The doctor studied her with narrowed eyes and a frown. Frankie looked with expectant triumph at Santino, but Santino was already lifting something off the enormous dressing table and extending it to the older man.
‘What’s that? What are you showing him?’ Frankie demanded jerkily, falling fast into the grip of nervous paranoia.
‘One of our wedding photographs, cara mia.’ Santino shot her rigid stillness a gleaming glance from beneath luxuriant black lashes and tossed the silver-framed photo onto the bed for her perusal.
Without reaching for it—indeed her finger
s chose to clutch defensively into the bedspread instead—Frankie stared down fulminatingly at that photograph. Her throat closed over, the strangest lump forming round her vocal cords. There she was in all her old-fashioned wedding finery, sweet sixteen and so sickeningly infatuated that she glowed like a torch for all to see, her face turned up to Santino’s adoringly. Shame she hadn’t had the wit to notice that Santino’s smile had more than a suggestion of stoically gritted teeth about it than a similiar romantic fervour!
Quite irrationally, her eyes smarted with tears. Suddenly she appreciated that whether it was fair or not she really did hate Santino! He hadn’t had to go through with the wedding. When he had realised the gravity of the situation they were in, surely he could have smuggled her back out of the village again and sent her home to her mother in London? She refused to believe that he could not have found some other way out of their predicament, rather than simply knuckling down to her grandfather’s outrageous demand that he marry her!
The doctor was opening his bag when she lifted her head again. Throwing Santino an embittered glance, Frankie cleared her throat. ‘This man may once have been my husband but he is not any more. In fact—’
‘Cara...’ Santino chided in a hideously indulgent tone.
‘He stole my car!’ Frankie completed fiercely.
Carefully not looking at her, Dr Orsini said something in a low, concerned undertone to Santino. Santino sighed, contriving to appear more long-suffering than ever.
‘Did you hear what I said?’ Frankie’s voice shook.
The older man was too busy shaking his head in wonderment.
Santino strolled to the foot of the bed. ‘Francesca...’ he murmured. ‘I know I am not your favourite person right now, but these wild stories are beginning to sound a little weird.’
Her jaw dropped. She flushed scarlet and experienced such a spasm of frustrated fury that she was dimly surprised that she did not levitate off the bed. She slung Santino a blazing look that would have felled a charging rhino. It washed over him. For the very first time she recalled Santino’s wicked sense of humour. His sensual mouth spread into a teeth-clenchingly forgiving smile, white teeth flashing against his sun-bronzed skin. ‘Grazie, cara...’

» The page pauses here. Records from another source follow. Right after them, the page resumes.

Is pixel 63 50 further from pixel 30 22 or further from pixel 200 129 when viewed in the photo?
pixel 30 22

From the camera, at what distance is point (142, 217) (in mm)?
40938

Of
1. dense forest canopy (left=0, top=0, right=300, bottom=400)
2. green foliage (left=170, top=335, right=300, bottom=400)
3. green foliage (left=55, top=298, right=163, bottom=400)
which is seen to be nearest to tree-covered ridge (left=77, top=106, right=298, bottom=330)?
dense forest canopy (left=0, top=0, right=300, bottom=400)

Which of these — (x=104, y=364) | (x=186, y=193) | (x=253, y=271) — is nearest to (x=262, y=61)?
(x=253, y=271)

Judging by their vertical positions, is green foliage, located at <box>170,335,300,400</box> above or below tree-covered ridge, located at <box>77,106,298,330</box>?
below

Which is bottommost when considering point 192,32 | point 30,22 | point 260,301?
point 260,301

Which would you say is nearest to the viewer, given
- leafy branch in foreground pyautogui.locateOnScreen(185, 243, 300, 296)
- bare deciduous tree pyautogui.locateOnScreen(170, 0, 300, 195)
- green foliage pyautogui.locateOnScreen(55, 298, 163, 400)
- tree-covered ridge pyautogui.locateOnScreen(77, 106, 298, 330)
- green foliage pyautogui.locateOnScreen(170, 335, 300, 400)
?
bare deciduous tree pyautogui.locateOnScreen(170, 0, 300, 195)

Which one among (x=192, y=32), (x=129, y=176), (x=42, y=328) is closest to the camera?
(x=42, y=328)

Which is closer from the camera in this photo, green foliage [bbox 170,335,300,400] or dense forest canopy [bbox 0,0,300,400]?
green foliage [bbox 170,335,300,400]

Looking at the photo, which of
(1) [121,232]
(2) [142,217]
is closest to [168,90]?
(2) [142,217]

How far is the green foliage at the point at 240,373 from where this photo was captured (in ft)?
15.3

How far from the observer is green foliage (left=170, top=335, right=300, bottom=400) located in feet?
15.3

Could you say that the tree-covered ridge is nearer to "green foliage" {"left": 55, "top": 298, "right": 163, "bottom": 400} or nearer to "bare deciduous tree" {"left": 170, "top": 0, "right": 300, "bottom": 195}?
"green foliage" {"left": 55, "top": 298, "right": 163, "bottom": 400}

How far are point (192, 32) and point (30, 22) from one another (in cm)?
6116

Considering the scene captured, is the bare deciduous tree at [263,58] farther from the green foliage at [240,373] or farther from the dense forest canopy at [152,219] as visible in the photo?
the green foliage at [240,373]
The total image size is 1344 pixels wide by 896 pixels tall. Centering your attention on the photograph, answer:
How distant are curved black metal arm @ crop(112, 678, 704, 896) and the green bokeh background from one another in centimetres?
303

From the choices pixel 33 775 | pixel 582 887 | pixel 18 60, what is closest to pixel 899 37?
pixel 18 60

‘You will be relieved to learn that the X-rays were completely clear,’ Dr Orsini told her in a bracing voice. He didn’t believe her; the man did not believe a word she had said!
‘X-rays...what X-rays?’ she mumbled.
‘You were X-rayed last night while you were still unconscious,’ Santino informed her.
‘Last night...?’ she stressed in confusion.
Santino nodded in grim confirmation. ‘You didn’t regain consciousness until the early hours of this morning.’
‘Where was I X-rayed?’ she pressed.
‘In the infirmary wing of the Convent of Santa Maria.’
Am I in a convent? Frankie wondered dazedly, her energy level seriously depleted by both injury and shock upon succeeding shock. In a room kept for the use of well-heeled private patients?
‘Your husband was most concerned that every precaution should be exercised,’ the older man explained quietly. ‘Try to keep more calm, signora.’
‘There’s nothing the matter with my nerves,’ Frankie muttered, but she couldn’t help noticing that nobody rushed to agree with her.
Her head was aching and her brain revolving in circles. While she endured a brief examination, and even answered questions with positive meekness, on one level she was actually wondering if she was still unconscious. All this—the strange environment, the peculiar behaviour of her companions—might simply be a dream. It was a most enticing conviction. But there was something horrendously realistic about Santino’s easy conversation with the doctor as he saw him to the door, apologising for keeping him out so late and wishing him a safe journey home. Her Italian was just about good enough to translate that brief dialogue.
As Santino strode back to the foot of the bed, Frankie reluctantly abandoned the idea that she was dreaming. With an unsteady hand, she reached for the glass of water by the bed and slowly sipped.
‘Are you hungry?’ Santino enquired calmly.
Frankie shook her head uneasily. Her stomach felt rather queasy. She snatched in a deep, quivering breath. ‘I want you to tell me what’s going on.’
Santino surveyed her with glittering golden eyes, his eloquent mouth taking on a sardonic curve. ‘I decided that it was time to remind you that you had a husband.’
Frankie froze. ‘For the last time...you are not my husband!’